◆ **The data**:
────────────────────

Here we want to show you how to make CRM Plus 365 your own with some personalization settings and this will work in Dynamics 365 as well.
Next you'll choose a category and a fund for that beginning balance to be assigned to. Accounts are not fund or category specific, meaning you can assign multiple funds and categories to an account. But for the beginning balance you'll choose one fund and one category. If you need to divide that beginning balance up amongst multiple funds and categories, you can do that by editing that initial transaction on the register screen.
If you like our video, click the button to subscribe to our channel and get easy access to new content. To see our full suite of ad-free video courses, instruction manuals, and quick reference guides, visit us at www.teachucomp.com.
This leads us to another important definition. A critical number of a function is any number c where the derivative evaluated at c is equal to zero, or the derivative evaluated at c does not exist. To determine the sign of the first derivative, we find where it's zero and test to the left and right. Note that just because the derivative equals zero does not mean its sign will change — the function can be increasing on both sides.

────────────────────

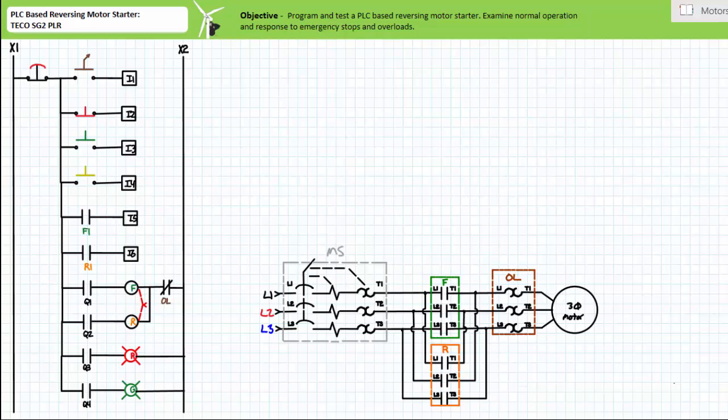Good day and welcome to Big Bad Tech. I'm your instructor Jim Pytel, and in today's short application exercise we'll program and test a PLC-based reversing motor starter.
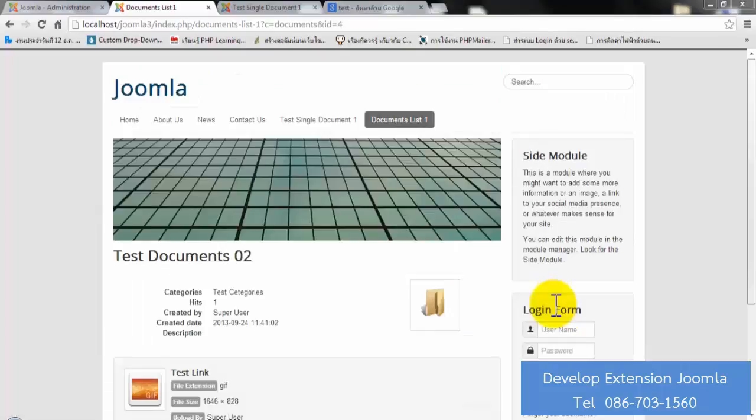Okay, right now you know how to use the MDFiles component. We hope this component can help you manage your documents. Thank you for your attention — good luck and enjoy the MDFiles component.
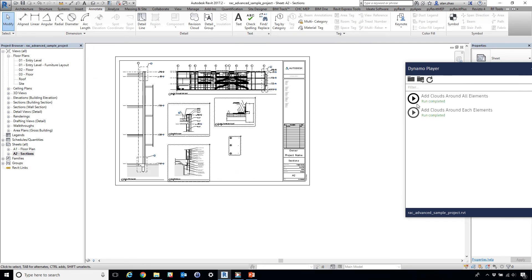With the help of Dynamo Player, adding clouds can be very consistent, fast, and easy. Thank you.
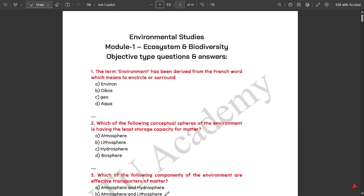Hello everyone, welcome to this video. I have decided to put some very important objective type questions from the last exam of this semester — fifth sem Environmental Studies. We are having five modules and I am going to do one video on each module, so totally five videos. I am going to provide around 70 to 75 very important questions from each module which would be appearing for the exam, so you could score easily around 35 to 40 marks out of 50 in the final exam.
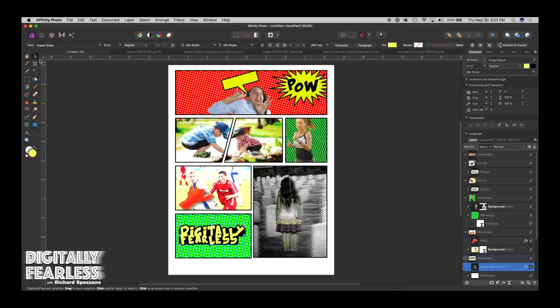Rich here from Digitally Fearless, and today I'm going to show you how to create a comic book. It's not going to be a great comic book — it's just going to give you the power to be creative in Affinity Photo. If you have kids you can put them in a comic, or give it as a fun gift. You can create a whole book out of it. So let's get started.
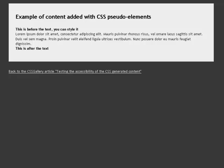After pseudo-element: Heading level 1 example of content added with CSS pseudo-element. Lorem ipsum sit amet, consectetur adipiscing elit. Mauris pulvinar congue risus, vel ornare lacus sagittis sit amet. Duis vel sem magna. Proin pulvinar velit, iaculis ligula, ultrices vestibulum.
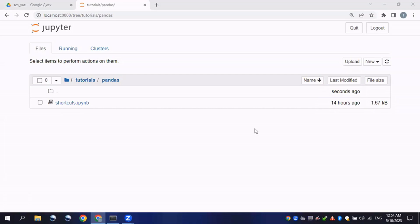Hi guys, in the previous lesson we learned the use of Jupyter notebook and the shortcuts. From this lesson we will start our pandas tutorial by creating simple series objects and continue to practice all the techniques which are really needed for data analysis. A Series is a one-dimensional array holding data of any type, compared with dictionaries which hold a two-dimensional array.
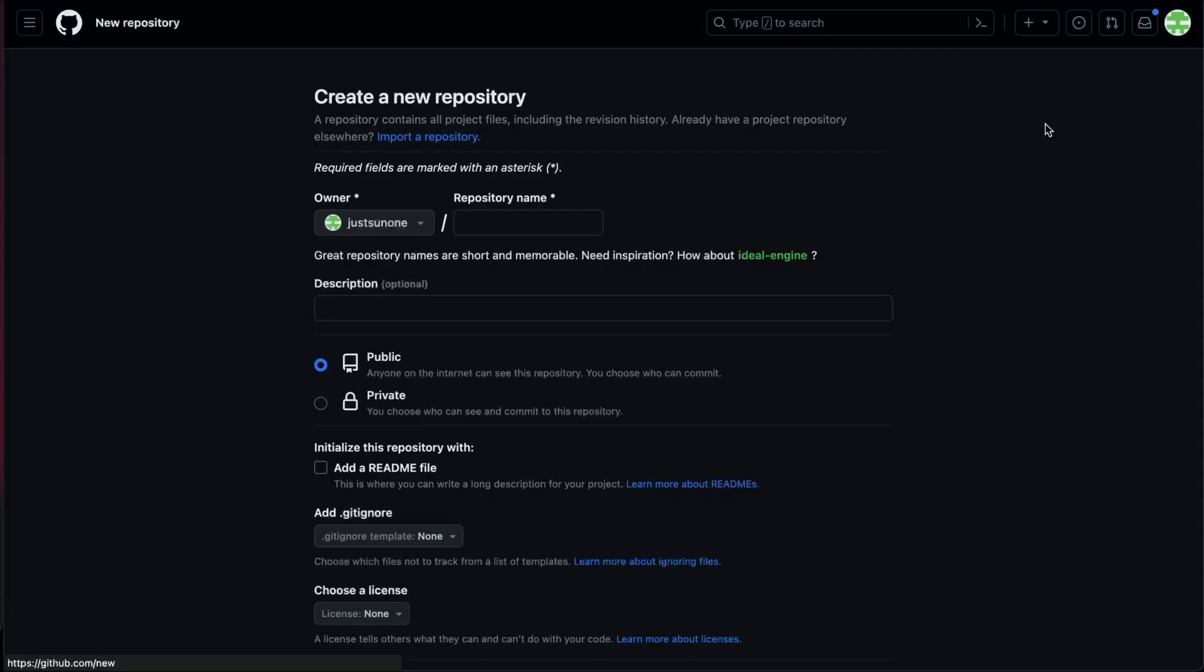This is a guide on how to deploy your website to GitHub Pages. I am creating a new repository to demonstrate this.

────────────────────

◆ **The problem**:
Would you copy, word for word, only the lines above from the one containing "Okay, right now" through the one containing "Hello everyone, welcome", both included, and please leave out the pictures?

◆ **Result**:
Okay, right now you know how to use the MDFiles component. We hope this component can help you manage your documents. Thank you for your attention — good luck and enjoy the MDFiles component.
With the help of Dynamo Player, adding clouds can be very consistent, fast, and easy. Thank you.
Hello everyone, welcome to this video. I have decided to put some very important objective type questions from the last exam of this semester — fifth sem Environmental Studies. We are having five modules and I am going to do one video on each module, so totally five videos. I am going to provide around 70 to 75 very important questions from each module which would be appearing for the exam, so you could score easily around 35 to 40 marks out of 50 in the final exam.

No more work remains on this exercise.